As for the sound coming out of the speakers, it’s noticeably improved over the first generation. Google says it has 50 percent more bass, and that sounds about right. It’s still not going to rattle trinkets on your nightstand or spill your glass of water, but the sound is much fuller and slightly louder while still maintaining a pleasing level of clarity.
It’s also a smart display, with few competitors
Frankly, there’s not a ton of competition in the smart display space. It’s either this, a third-party Google Assistant display like those from Lenovo and JBL, or an Amazon Echo Show. So, how does the Nest Hub stack up? Quite favorably. Although Amazon’s Echo Show line has solid hardware of its own, the biggest disparity is found in the voice assistant. Google Assistant is better than Alexa, full stop.
Google’s had the lead here for a few years now, and you can thank Google’s unrivaled search capacity for much of this. There’s almost always an answer for your queries, no matter how random. It’s much rarer for the Google Assistant to miss an inquiry entirely, and if it does happen, it’s usually from a bit of syntax confusion (making that another rarer occurrence compared to Alexa).
That’s the other aspect of Google Assistant’s dominance. Not only does it have Google’s search algorithms behind it, but it also has the company’s speech recognition technology, too. Compared to Alexa, an assistant best left to smart home commands, or even Siri, who seems best suited for timers, reminders, and sports scores, there is no competition, sadly.

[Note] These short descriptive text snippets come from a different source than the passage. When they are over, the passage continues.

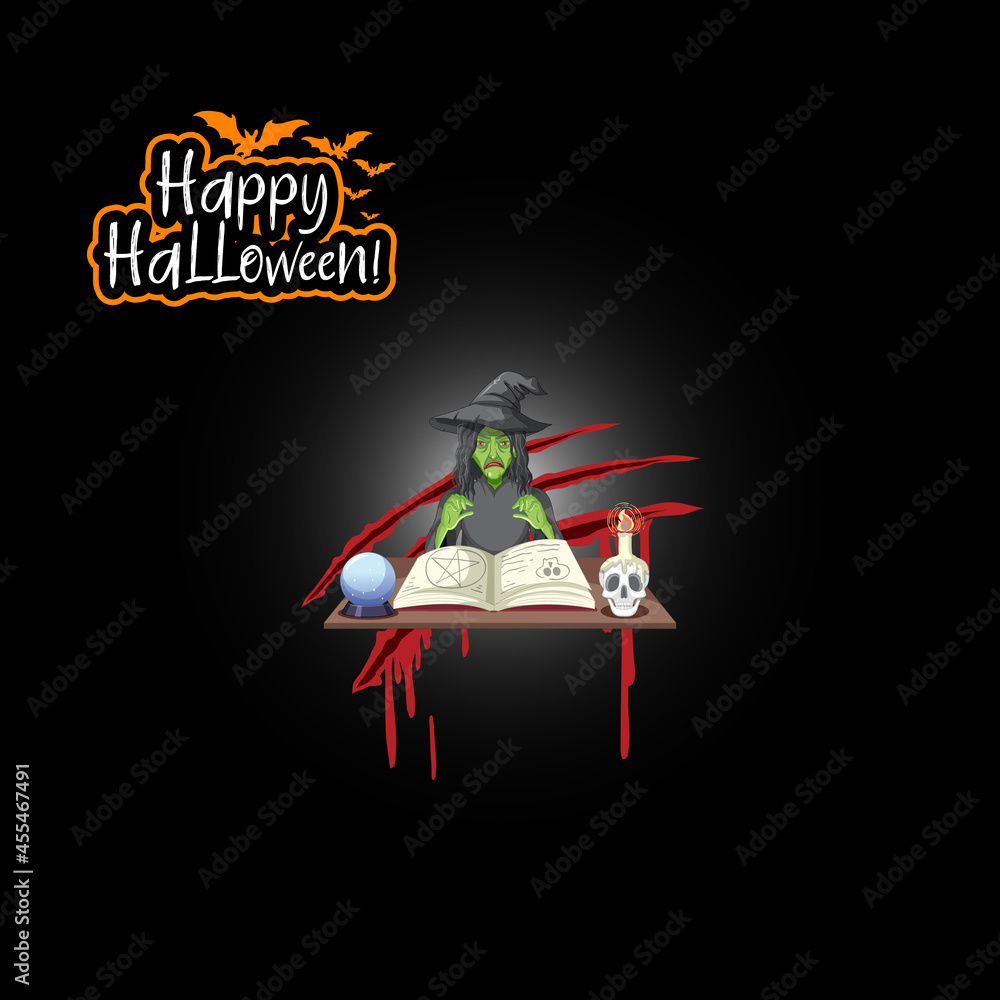 Happy Halloween with witch cartoon character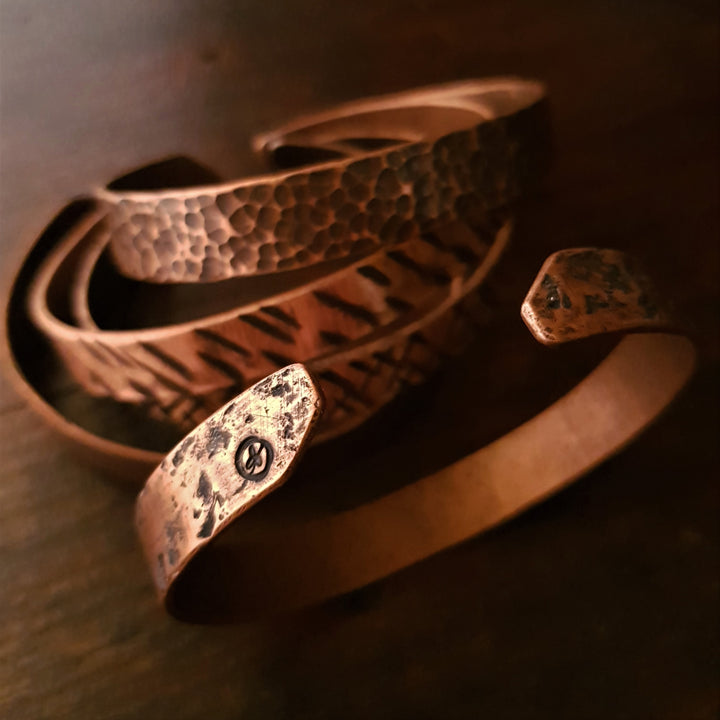 Wide Oxidised Textured Copper Cuff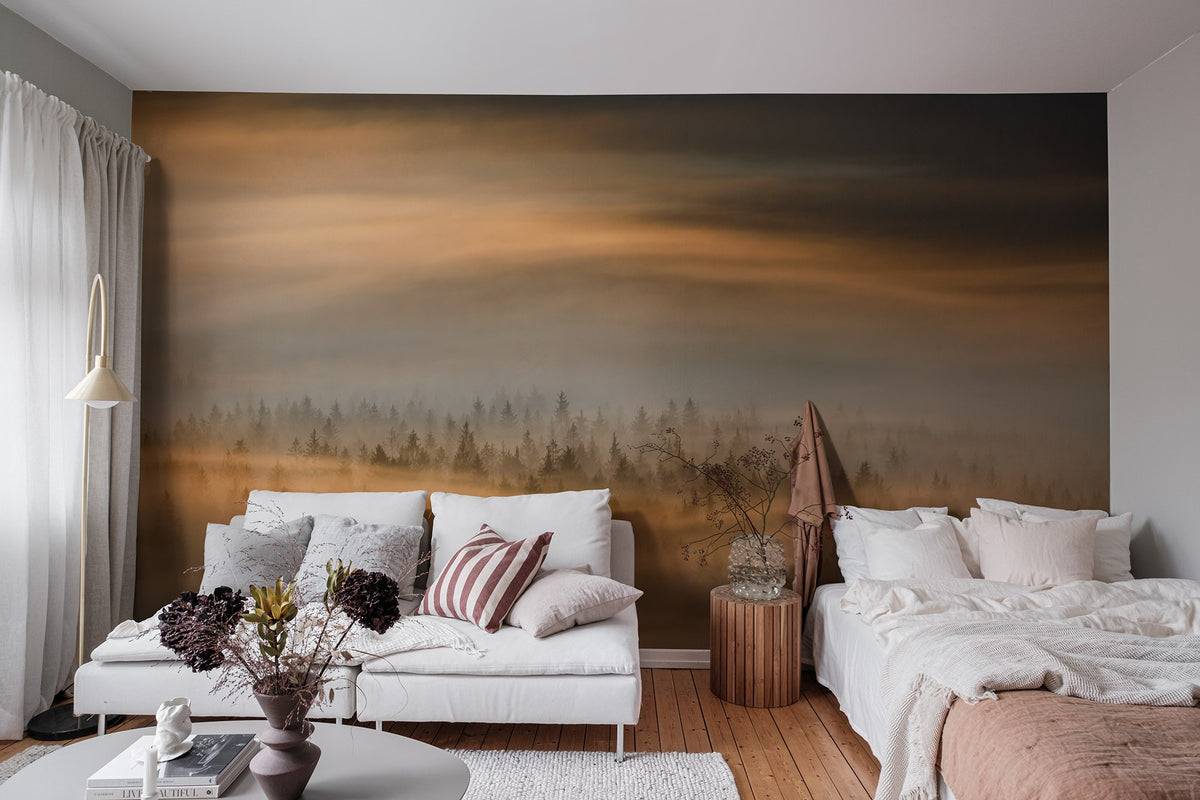 R19171 Golden Fir Forest Pops Mural by Rebel Walls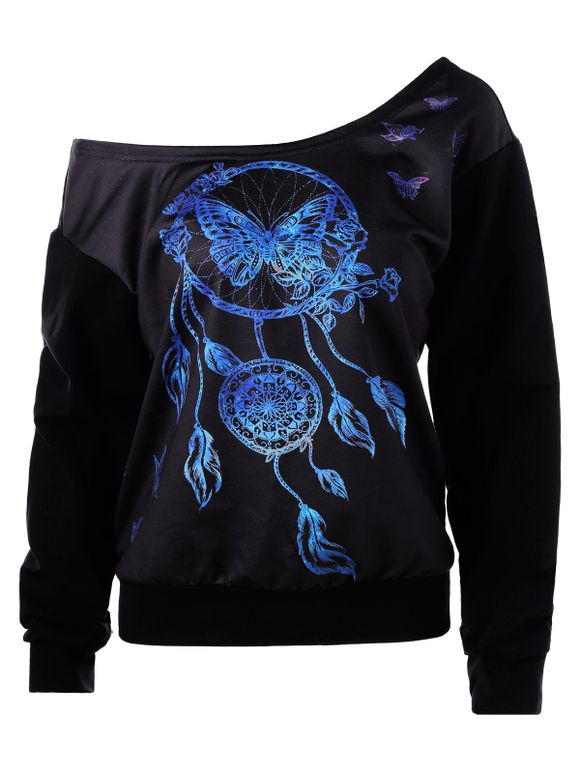 Skew Neck 3D Butterfly Print Sweatshirt - Noir M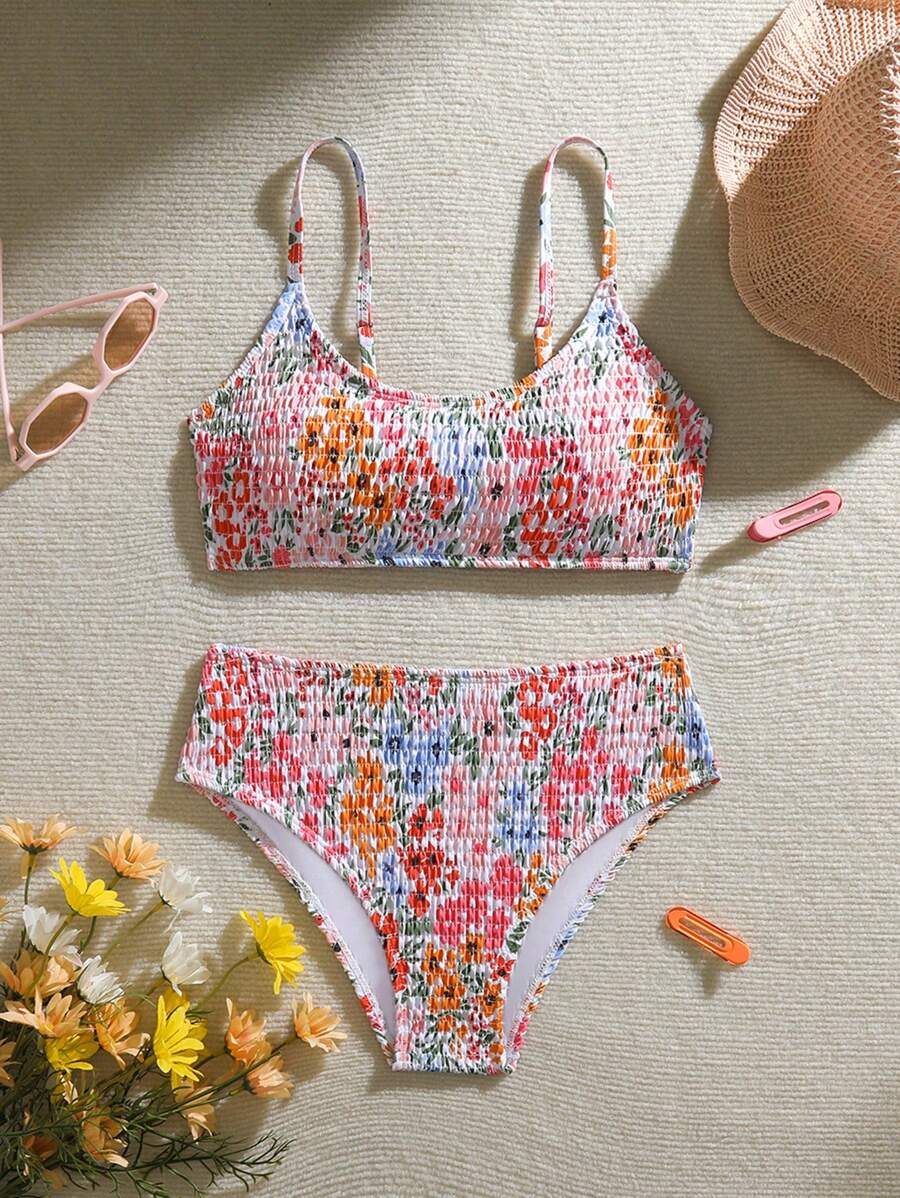 SHEIN Teen Girl Floral Print Bikini Set, Holiday Style, Random Print - Multicolor - View 1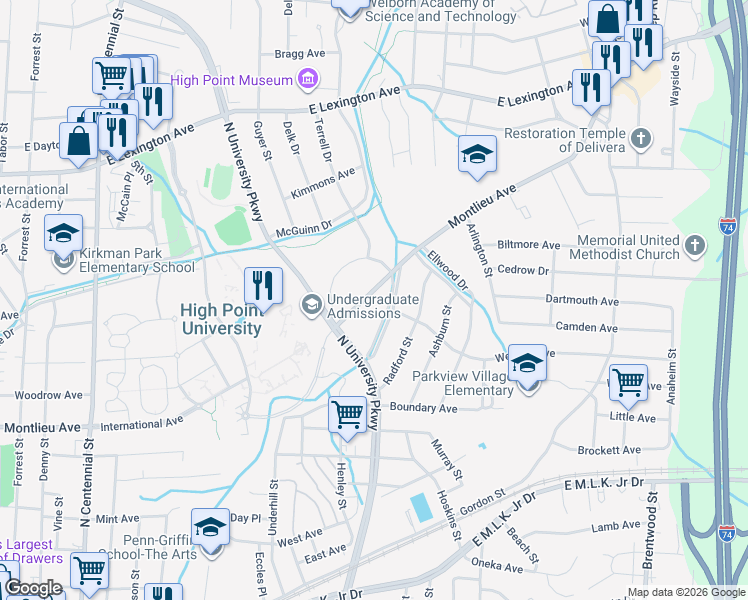 map of restaurants, bars, coffee shops, grocery stores, and more near in High Point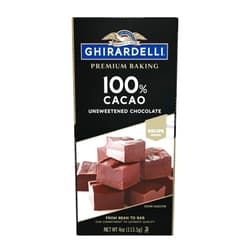 GHIRARDELLI Premium 100% Cacao Unsweetened Chocolate Baking Bar, 4 OZ Bar (12 Bars)
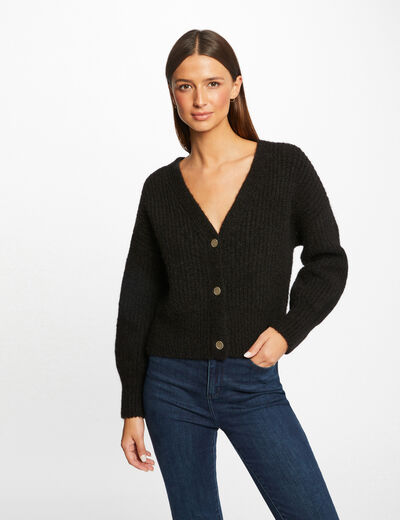 Straight buttoned cardigan with V-neck black ladies'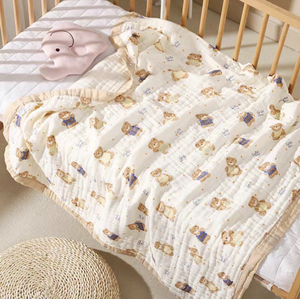 婴儿浴巾纯棉六层纱布宝宝用品新生儿童盖毯初生包裹柔软吸水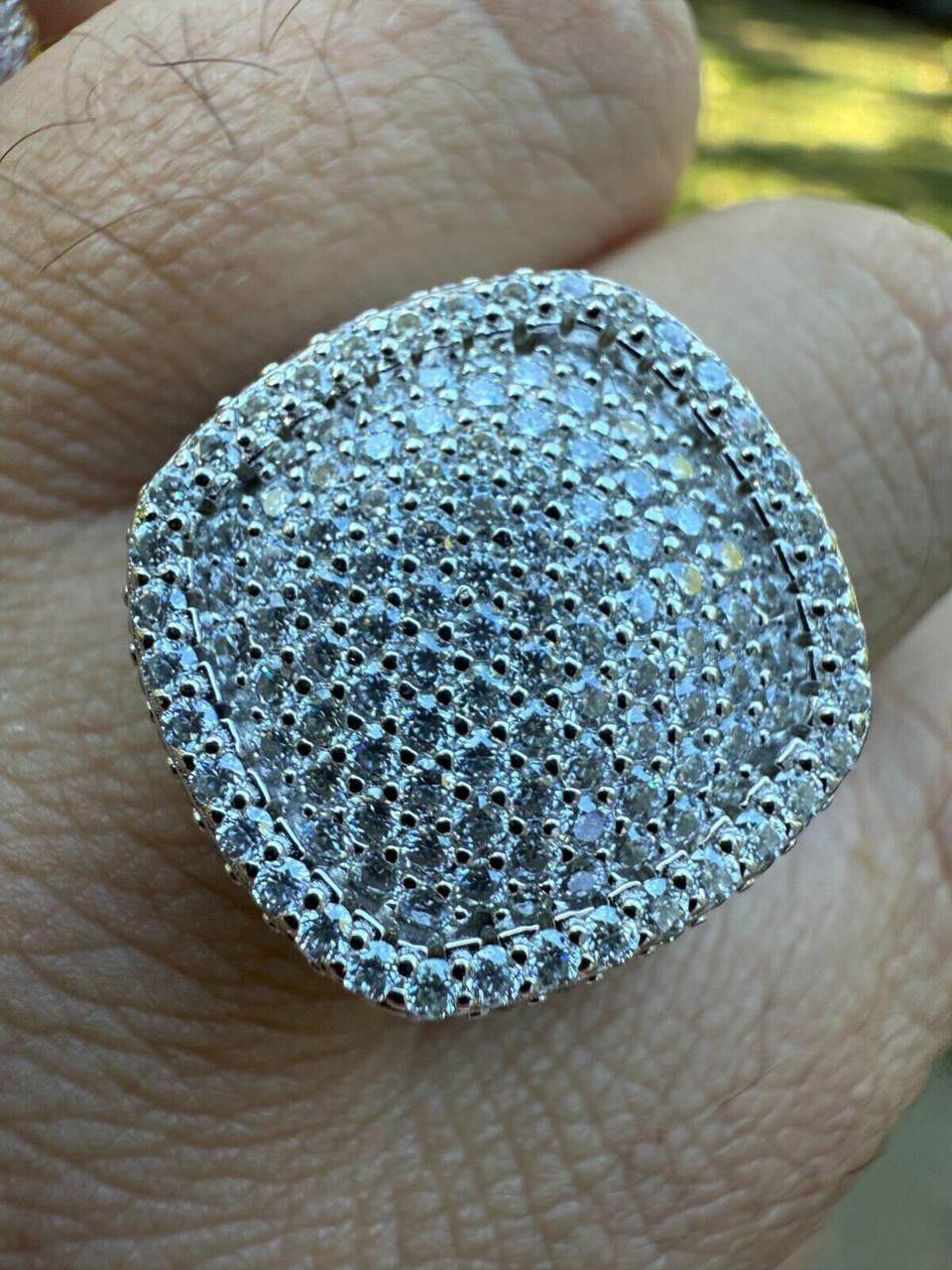 HarlemBling MOISSANITE Ice Giant Square Dome Iced Out Ring - 925 Silver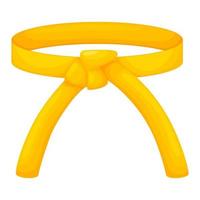 Karate belt yellow color isolated on white background. Design icon of Japanese martial art in flat style. vector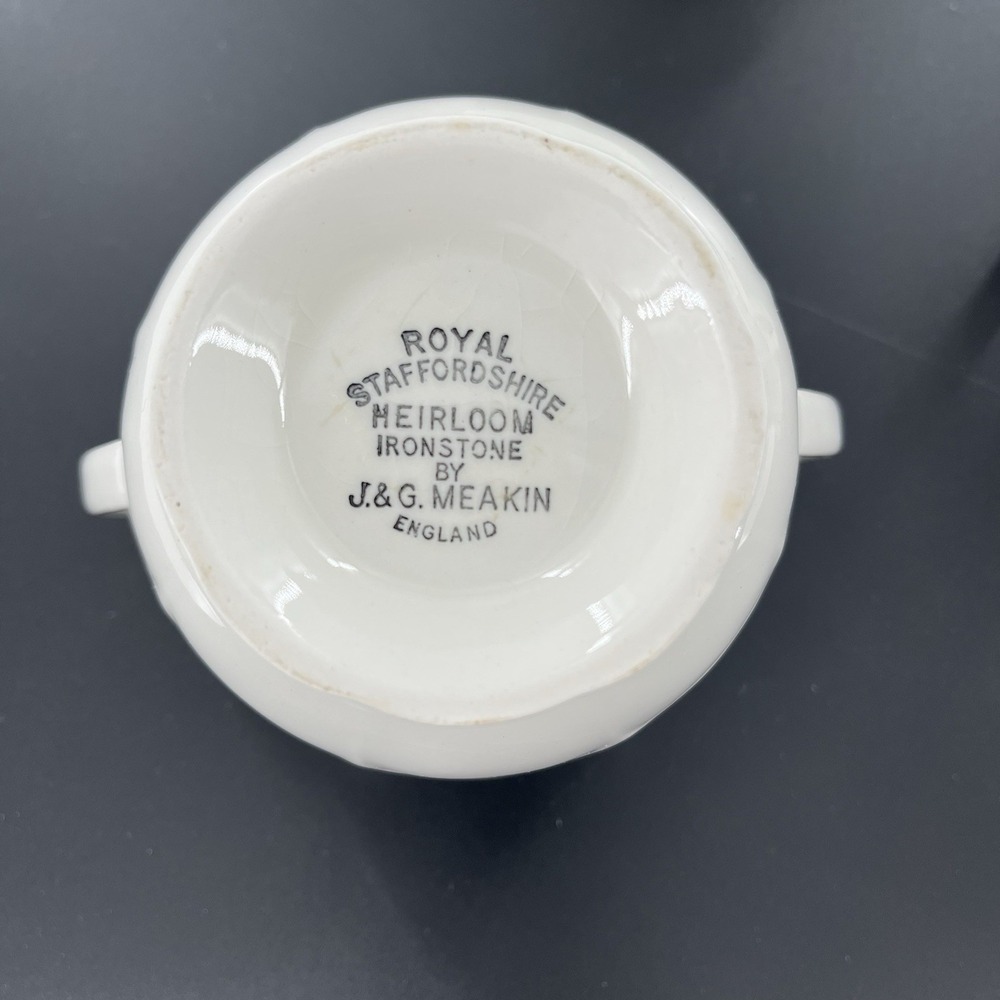 5 Meakin Heirloom Ironstone Teapot Coffee Pot Creamer Sugar Royal Staffordshire - Picture 6 of 15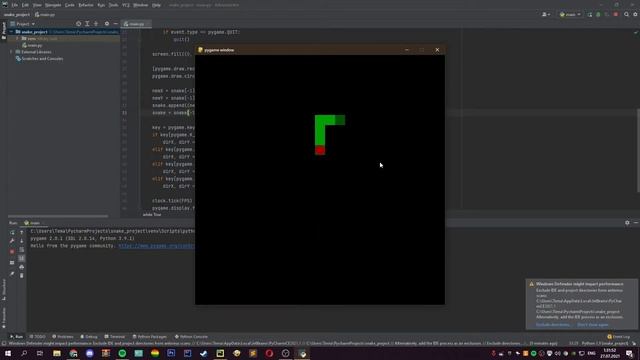 Змейка на Python за 8 МИНУТ | Python + pygame смотреть онлайн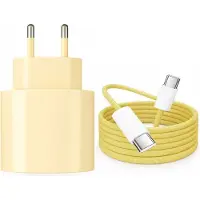 TELEFONMAX 20W Schnellladegerät, USB-C Kabel, USB-C Adapter für Google Pixel 10, 10 Pro, 9, 9a, 8, 8a, 7, 7a, 6, 5 gelb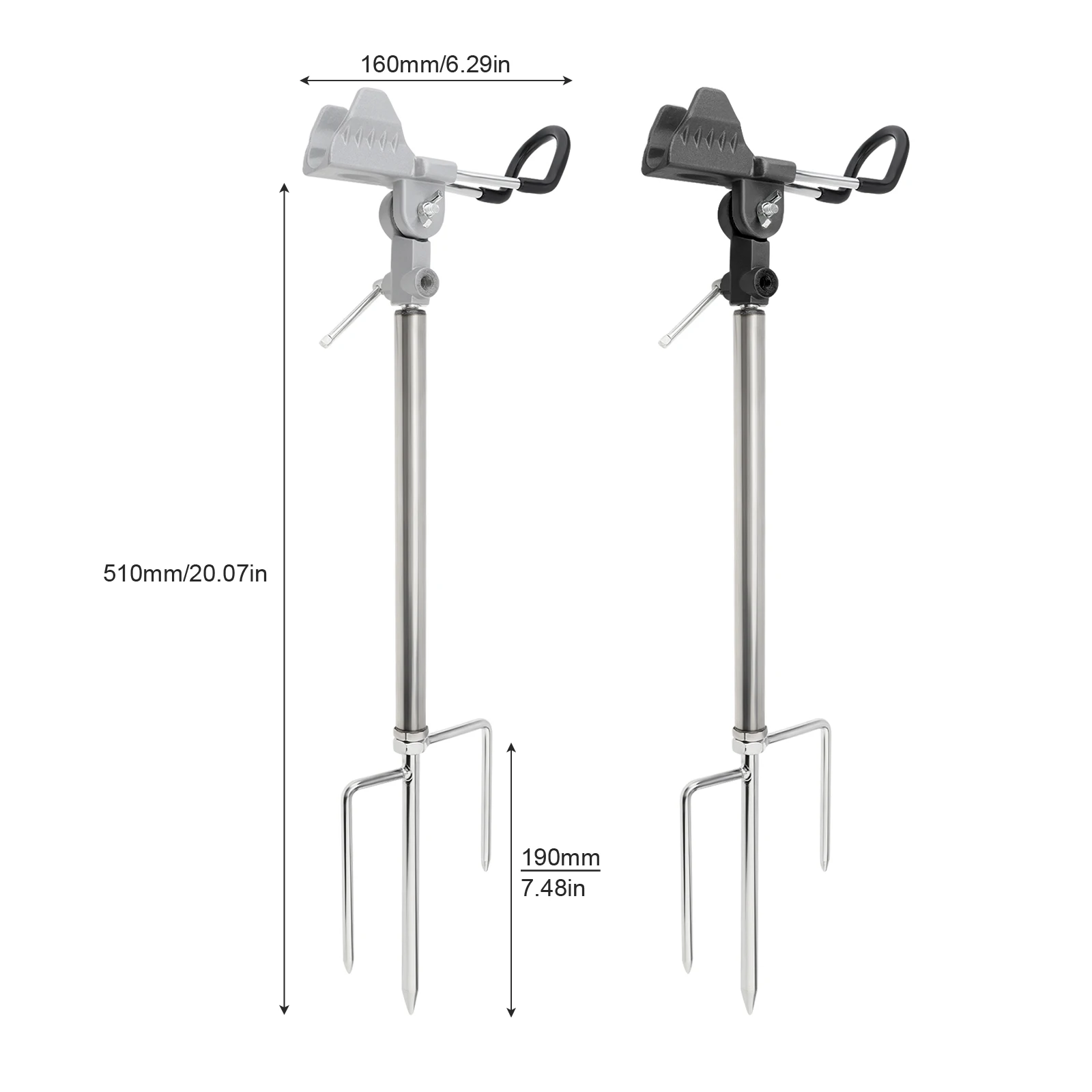 Stainless   Steel Three legged Fishing Rod Support Stand for Ground / Beach, Adjustable & Detachable Fishing Pole Holder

Comparing the Nest Hub to other Google Assistant speakers—well, there aren’t many available. At one point, you could spend nearly three times the price of a Nest Hub for a (now out of stock) JBL Link View and gain a true speaker for your room or whole-home audio setup. It’s much louder, fuller audio quality made it a great device judged only as a wireless speaker, and the smart display functionality was just a little something extra.
However, the JBL Link View is quite large for a bedside, doesn’t have Google’s excellent Ambient EQ display tech that makes the Nest Hub’s screen all but disappear in the dark, and is hard to find new right now. It also lacks sleep sensing and motion controls, if that’s important to you. It does have a camera (with a physical covering) and IPX4 “splash proofing,” though, so it’s a much better smart display for a living room or kitchen.
The smaller Lenovo Smart Clock—with its four-inch display, compared to the Nest Hub’s seven-inch panel—can be found for about half the price of a Nest Hub. But it doesn’t get quite as dim in the dark, lacks sleep tracking, and can’t play videos. The Smart Clock does have a mic on/off switch, as the Nest Hub does, but adds a USB charging port to reduce nightstand clutter. It also lacks motion controls, but you can literally hit the device anywhere to snooze an alarm, which is pretty satisfying.
If a bedside companion is ultimately what you’re looking for, though, then the Nest Hub may be worth the extra $40-50. It sounds better, looks better, and has more features related to its bedside (sleep tracking), and even a living room (video playback, fuller sound, bigger screen) or kitchen (motion controls) placement.
- Small, cute aesthetic fits into bedrooms and living rooms alike
- Improved audio quality is good for bedside tunes or podcasts
- Sleep sensing is very good at distinguishing asleep and wake up times
- Less expensive than the original
- Living room users will want louder audio
- Sleep tracking, although accurate, isn’t super insightful
- It’s the same thing as the original Nest Hub but with sleep tracking, which you’ll eventually have to pay for.